WaPo Omits Partisan Background Of Economist Cited By GOP

Today's Washington Post article about a possible government shutdown contains a brief he-said/she-said section about the estimated 700,000 job losses that would be caused by Republican spending cuts:

Democrats pointed to a new report Monday from Mark Zandi, chief economist of Moody's Analytics, which found that the Republican plan would cost 700,000 jobs through 2012, giving fresh ammunition to Democrats seeking to block the proposed GOP cuts. Zandi's report comes after a similar analysis last week by the investment bank Goldman Sachs, which predicted the cuts would do even greater damage to the economy.

Republicans have dismissed both reports as flawed. They cited Stanford University economist John B. Taylor, who argued that the macroeconomic models employed by Zandi and many other independent forecasters - including the Congressional Budget Office - overstate the economic impact of government spending.

Hmmm. Both sides point to experts. Which is a reader to believe? Well, it might help if the Post had given readers some idea of who Mark Zandi and John Taylor are. Zandi was a key member of John McCain's economic team during McCain's 2008 presidential campaign. Taylor is a fellow at the anti-government Hoover Institution and worked in the presidential administrations of Gerald Ford and both Bushes, and served as an advisor to the presidential campaigns of Bob Dole and George W. Bush.

But the Post didn't tell readers any of that; didn't give the slightest hint that Democrats were citing the work of an economist who has worked for Republicans, while Republicans were citing one of their own. Instead, it presented Taylor simply as a “Stanford University economist.”

What's next? An article quoting John Yoo's views on torture, but describing him simply as a “Berkeley professor” ?

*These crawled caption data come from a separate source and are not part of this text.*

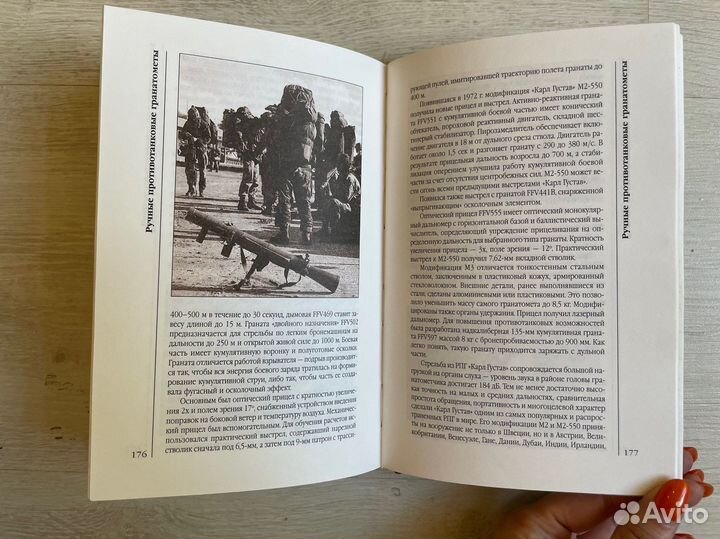 Оружие современной пехоты. Ч2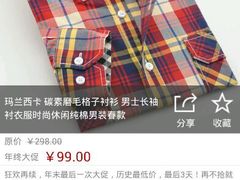 android_upload_pic-星巴克(太原柳巷第一店)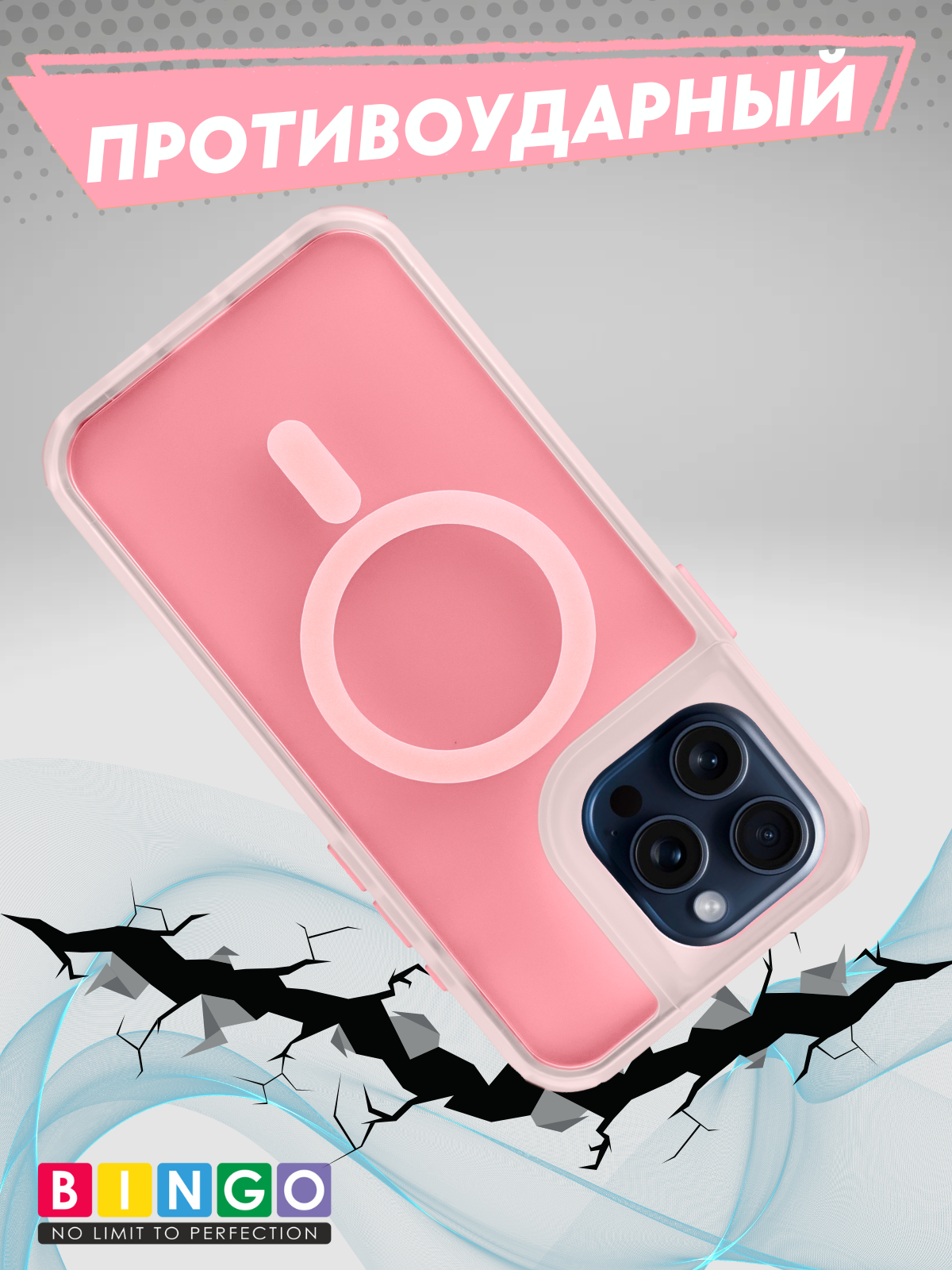 Чехол-накладка Bingo Model Magnetic для Apple iPhone 16 Pro Max (розовый) — фото 5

UPDATE: At Yahoo News, Zachary Roth criticizes the same problem in another Post article, adding:

Politicians often try to advance their position by fogging up the debate, suggesting that the state of academic research on an issue is less settled than it in fact is. And you can't blame them for that: Their goal is to move their agenda, not to educate the public. But lately they're having too much success in getting reporters to advance that agenda via a surface impression of evenhandedness. And on this crucial policy front--as well as on a few others--this dynamic makes it that much harder to have a debate that's grounded in facts.